360°
They say that hindsight is twenty-twenty. Even in a well thought-out action like the American
Founding Fathers scribing the Declaration of Independence, creating a nation may
have been monumental, but it also began the reduction of the long-standing British
Empire. The statement of freedom became
a single step towards the formation of a superpower despised by upstart
countries throughout the world. And even
worse the pronouncement based on liberty looked the other way as the basic
liberties failed to extend to American Indians, women, African Americans, and
an expansive list of religious, sexual, and, ethnic citizens. Nonetheless, two hundred and thirty-seven
years of educating ourselves and analyzing the actions of those men allow us to
consider better courses of action for the future. We’ll always be reevaluating our choices,
from everyday decisions to life-altering choices.

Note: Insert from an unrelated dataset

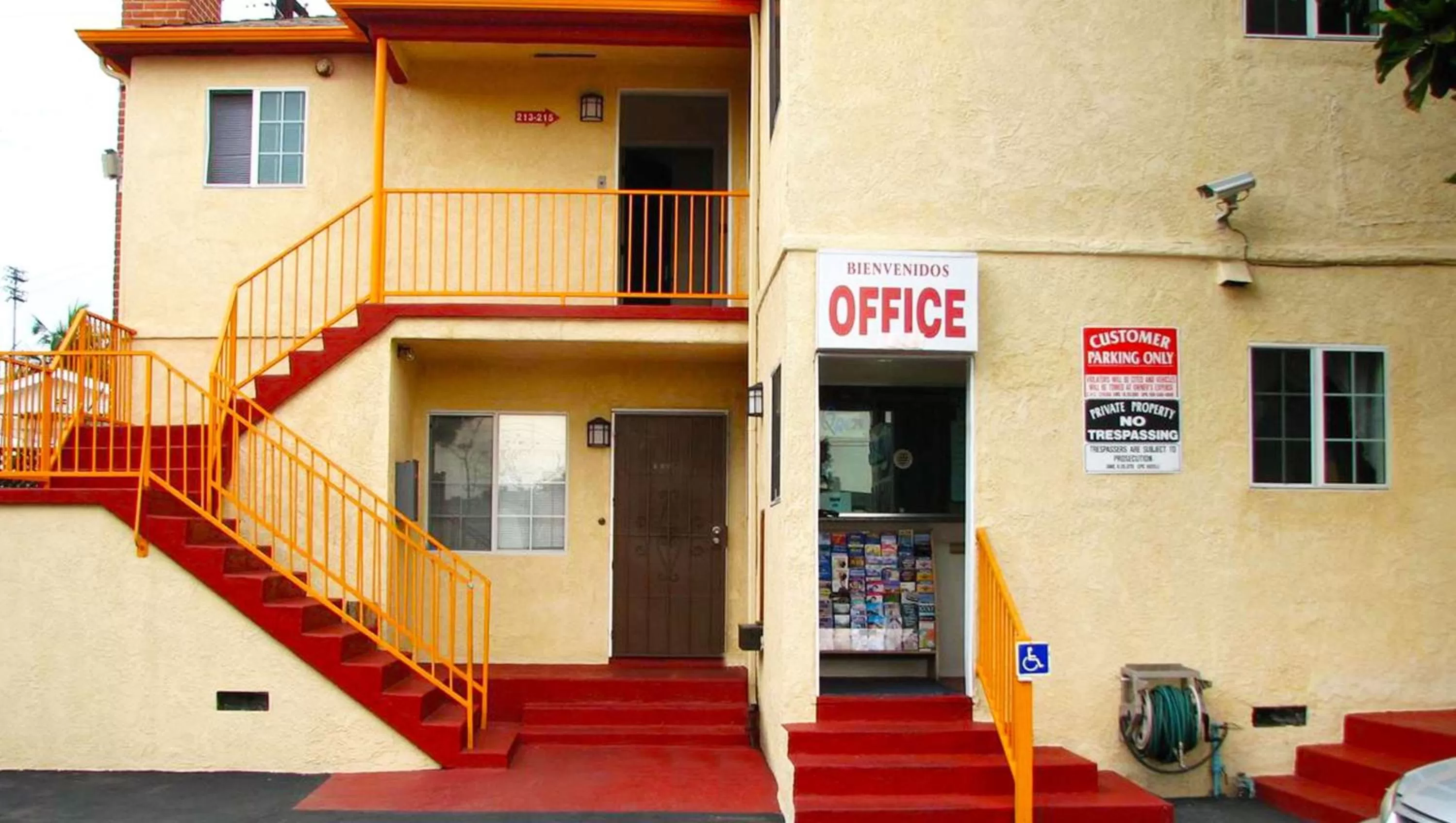 Property building in Motel 6 Glendale CA Pasadena Burbank Los Angeles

That’s what interpreting history does: allows a
three-hundred-sixty view of circumstances that may have barely had a fractional
view of all the facts at the time they occurred. I’m sure General Custer thought he had everything
under control at Little Bighorn (see “Cornered on a Hilltop,” July 2013). Attacking Russia worked so well for Napoleon. Jailing Nelson Mandela quieted the world on
the issue of Apartheid. It’s always
easier being the armchair quarterback than being the guy in the huddle, even if
it ends well for the guy in the huddle, it may just as likely end poorly. Just ask Joe Theismann – I’m sure he didn’t
plan that.
Stuck in the Snow
Visiting the Sierra Nevadas in eastern California
treats any visitor to a spectacular range of environments from cold winters to
brutal heat. At a height of more than
14,000 feet, the range’s highest point, Mt. Whitney, straddles Death Valley
(see “Desert Dust,” October 2011) and Sequoia National Park. The snowy range includes an abundant source
of water to support the megalopolis of San Francisco and Los Angeles. And
tucked high above Truckee, California far uphill from the resorts of Lake Tahoe
lies the Sugar Bowl Ski Resort built in the early twentieth century to entice
the citizens of San Francisco area to enjoy the snowy, winter wonderland
between Mount Judah and Mount Lincoln.
In November of 1846, without the benefit of
hindsight or of a full-circle view, a group of eighty-one west-coast bound
settlers discovered the downside of the Sierra Nevada winter wonderland and
only forty-five descended the mountain pass to the pleasures of the California
coast, with some horrifically poor dietary decisions along the way. When I drove the path myself, I enjoyed the
benefit of knowing what could occur when unprepared, and yet I still had to
leave my vehicle to help push a fellow driver out of the snow bank in which he
had found himself trapped. And the view
from the summit reminded me that even when we learn from history, it may still
be hard to see where we are going. Thank
goodness the fog finally lifted.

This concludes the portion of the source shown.